WHAT IS BEING ASKED — From the line that contains "HarperCollins Buch - The Midnight Lock" down to the final line below, please repeat each line exactly and nothing more, with no pictures.
---------- INFORMATION SUPPLIED ----------
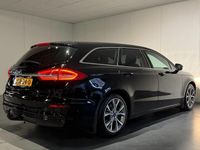 Occasion Ford Mondeo Titanium 165 PK (121 kW) 2018 Zwart Stationwagen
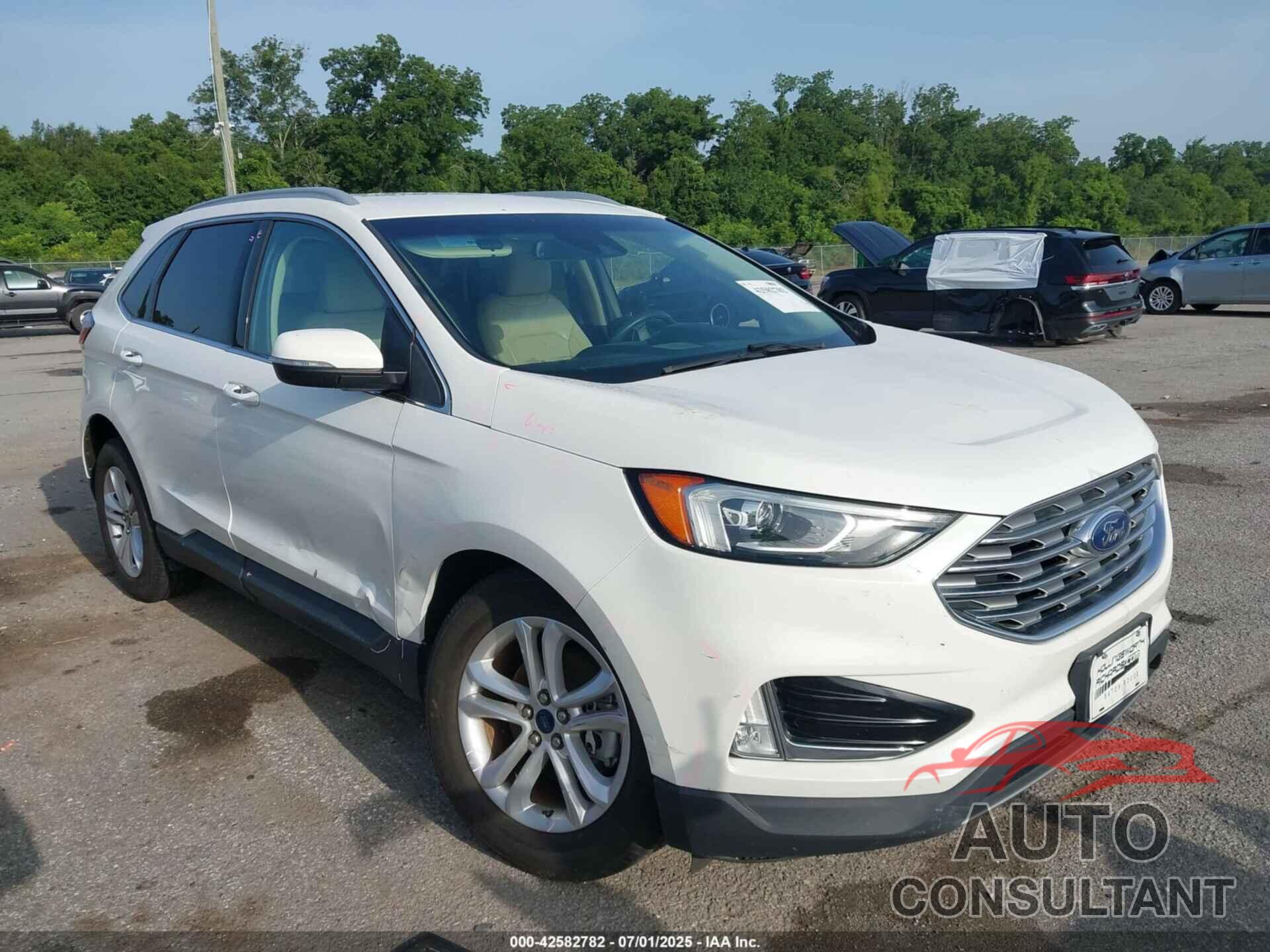 FORD EDGE 2020 - 2FMPK3J9XLBA04580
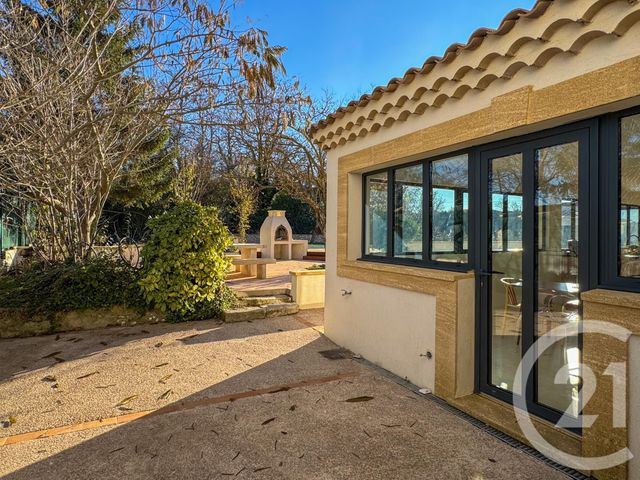 maison à vendre - 8 pièces - 191.0 m2 - AIX EN PROVENCE - 13 - PROVENCE-ALPES-COTE-D-AZUR - Century 21 Les Allées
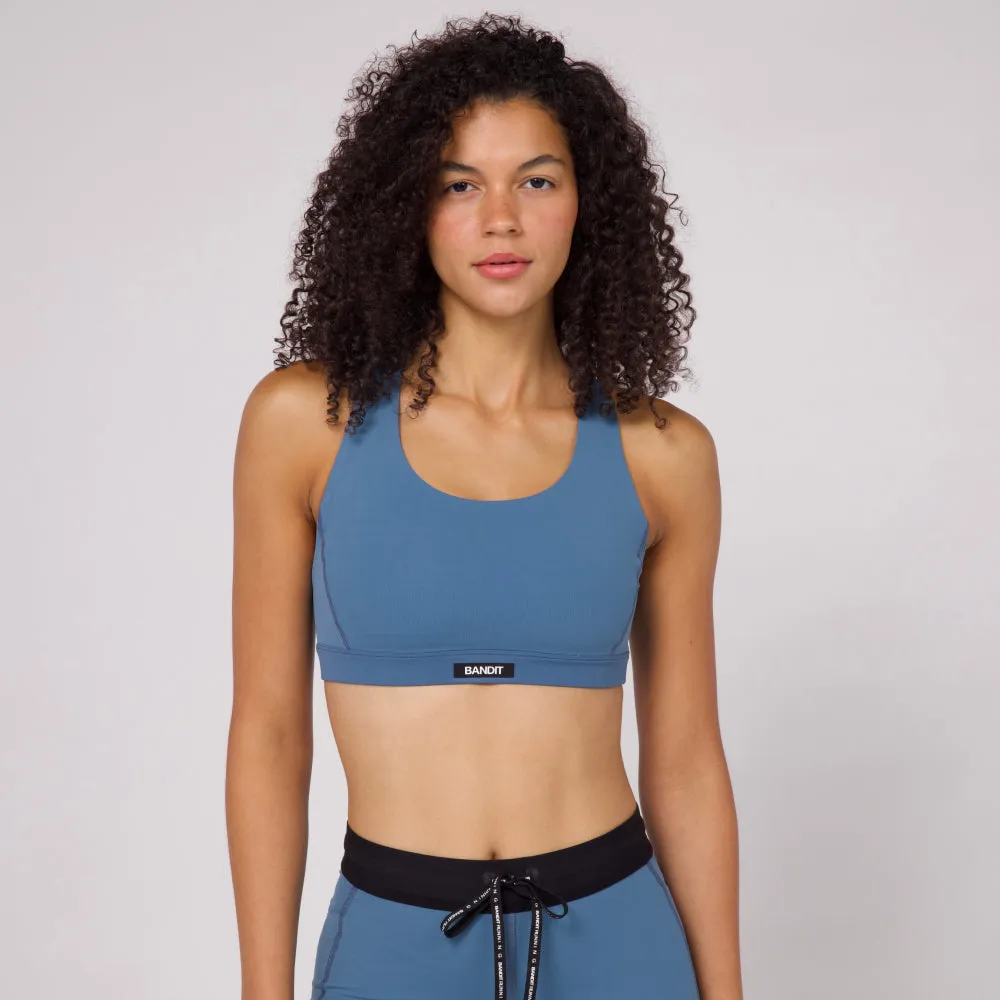 Gridlock™ Scoop Neck Run Bra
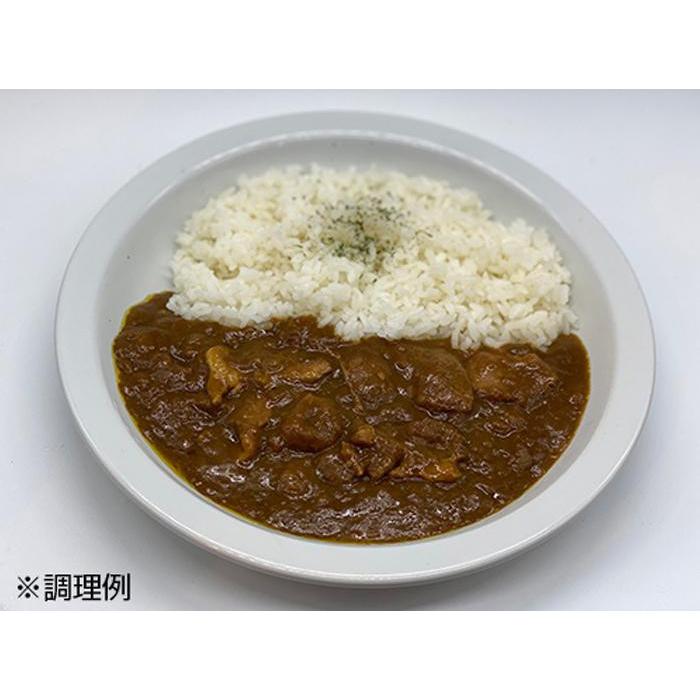 ご当地カレー 北海道えりもなかの牧場次郎豚カレー 10食セット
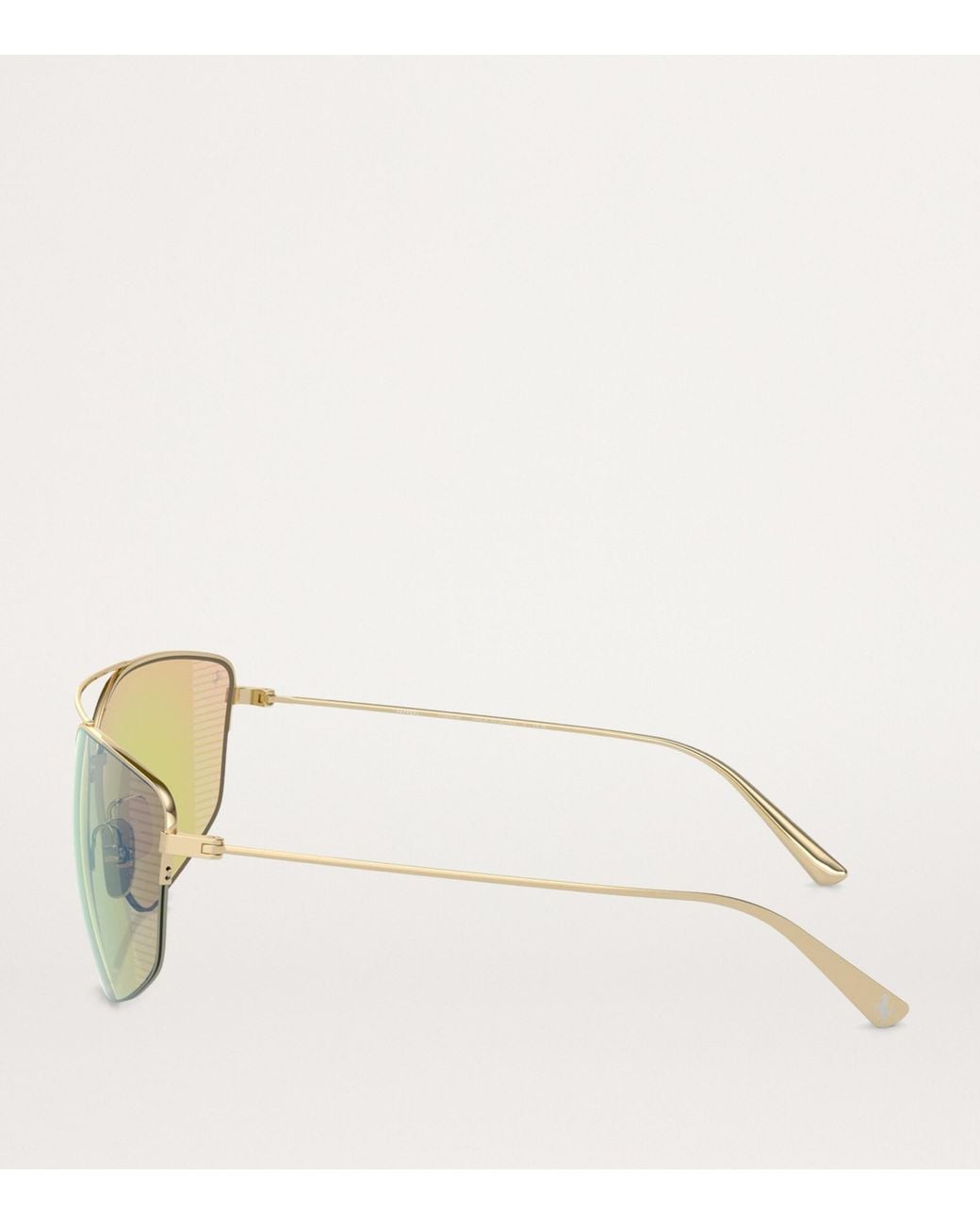 Ferrari Green Titanium Fh1009T Sunglasses for men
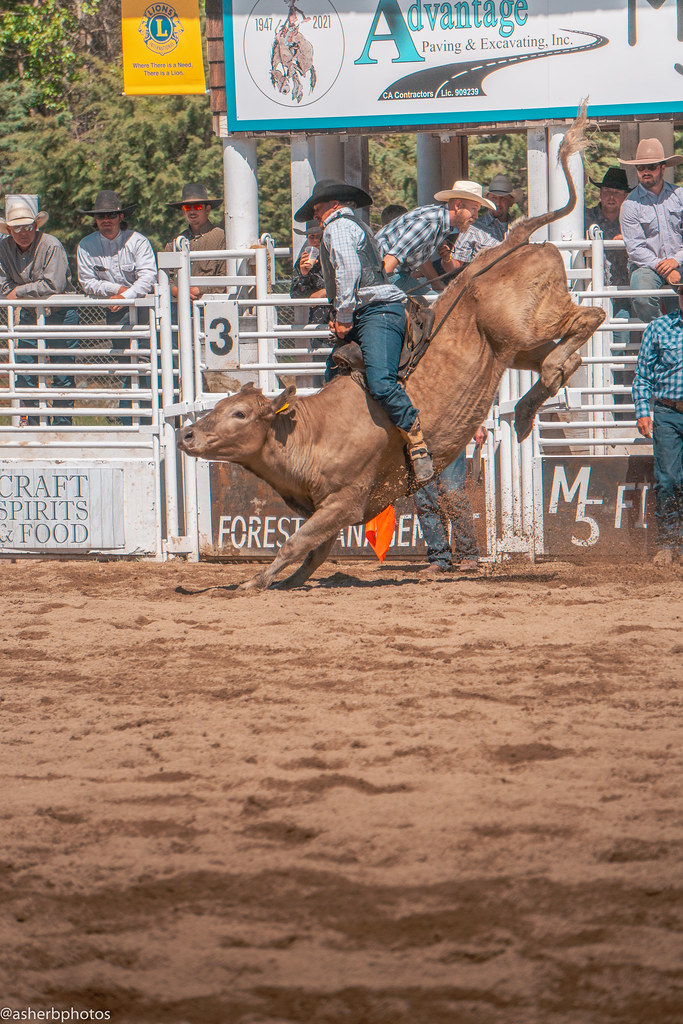 Etna Rodeo 2021 Asher Beane Photography Flickr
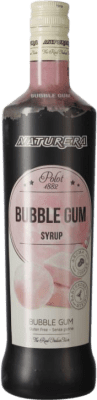 Sirope para Cóctel Naturera 70 cl Bubble Gum — Chicle Sin Alcohol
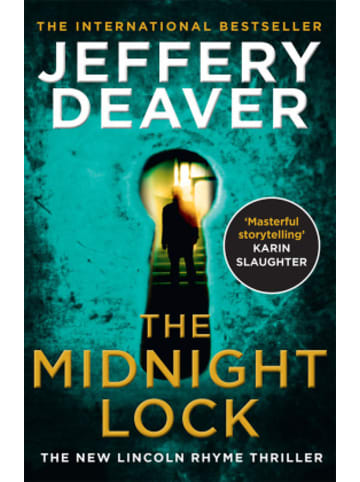 HarperCollins Buch - The Midnight Lock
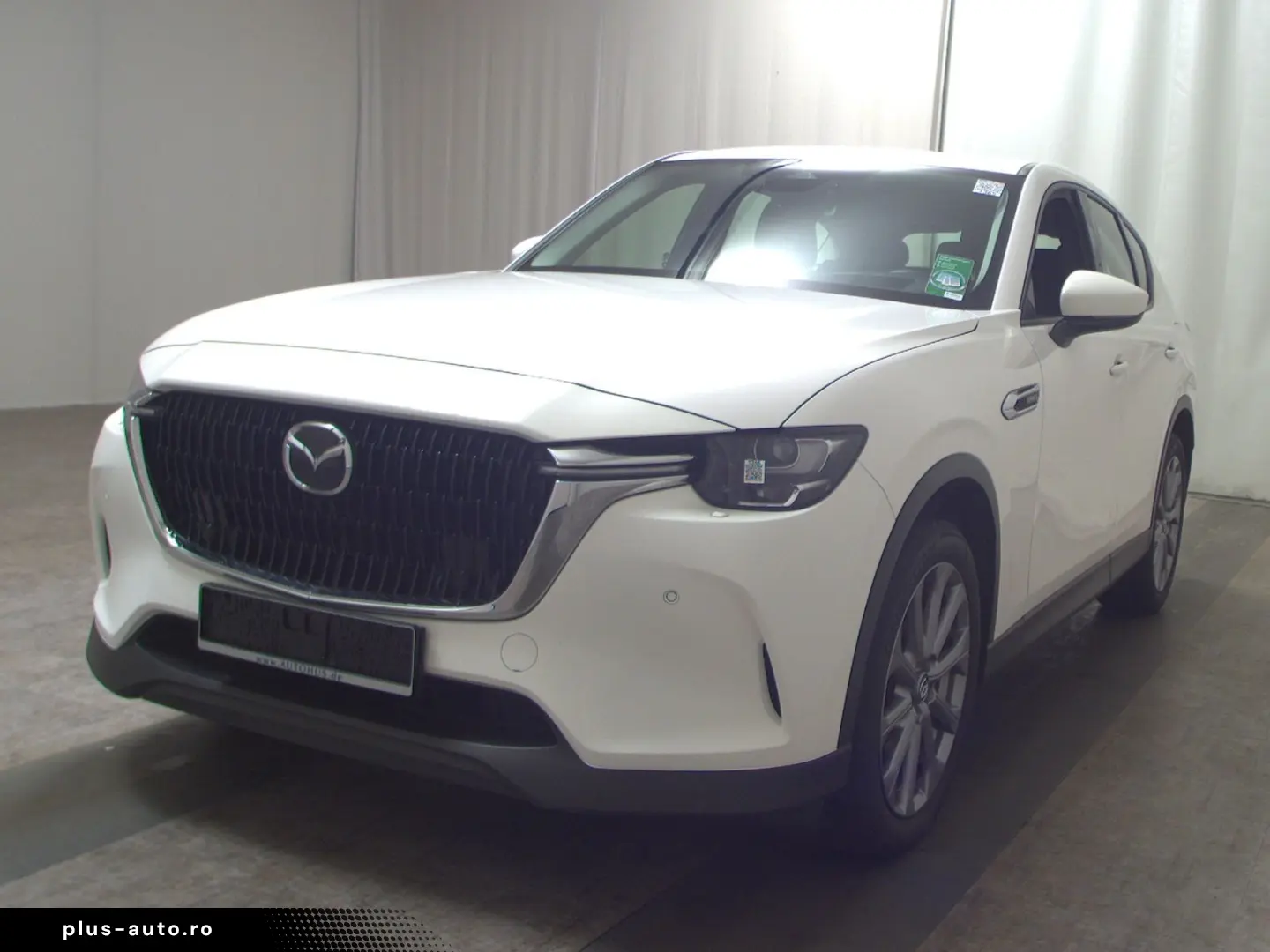 MAZDA CX-60 2.5 SKYACTIVE-G Exclusive-Line Navi LED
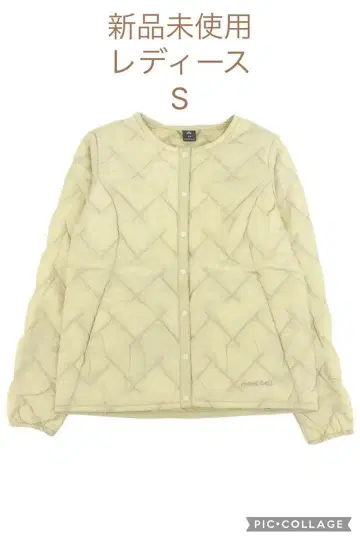 [미사용 새상품] 스페리오 다운 라운드넥 자켓 mont-bell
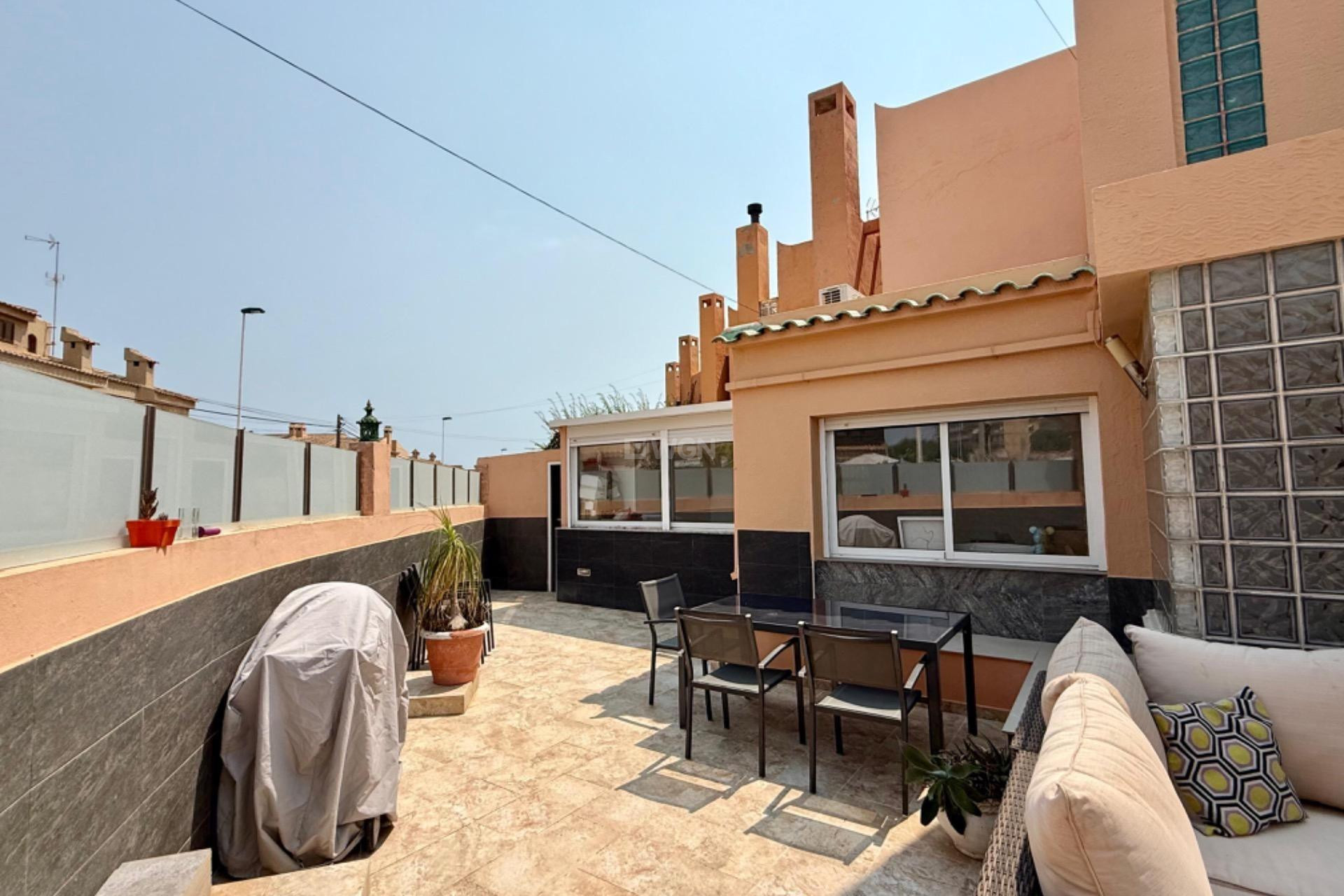 Reventa - Villa - Torrevieja - Los Frutales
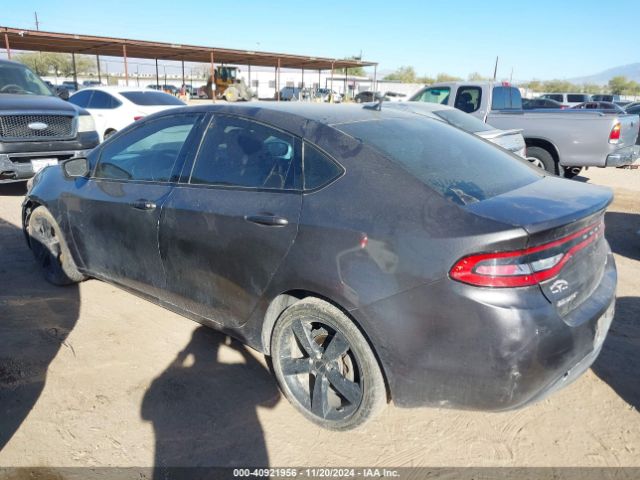 1C3CDFBB1ED919139 Dodge DART SXT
----------
EXPECTED ANSWER —
 HarperCollins Buch - The Midnight Lock
 MAZDA CX-60 2.5 SKYACTIVE-G Exclusive-Line Navi LED
 [미사용 새상품] 스페리오 다운 라운드넥 자켓 mont-bell
 Reventa - Villa - Torrevieja - Los Frutales
 1C3CDFBB1ED919139 Dodge DART SXT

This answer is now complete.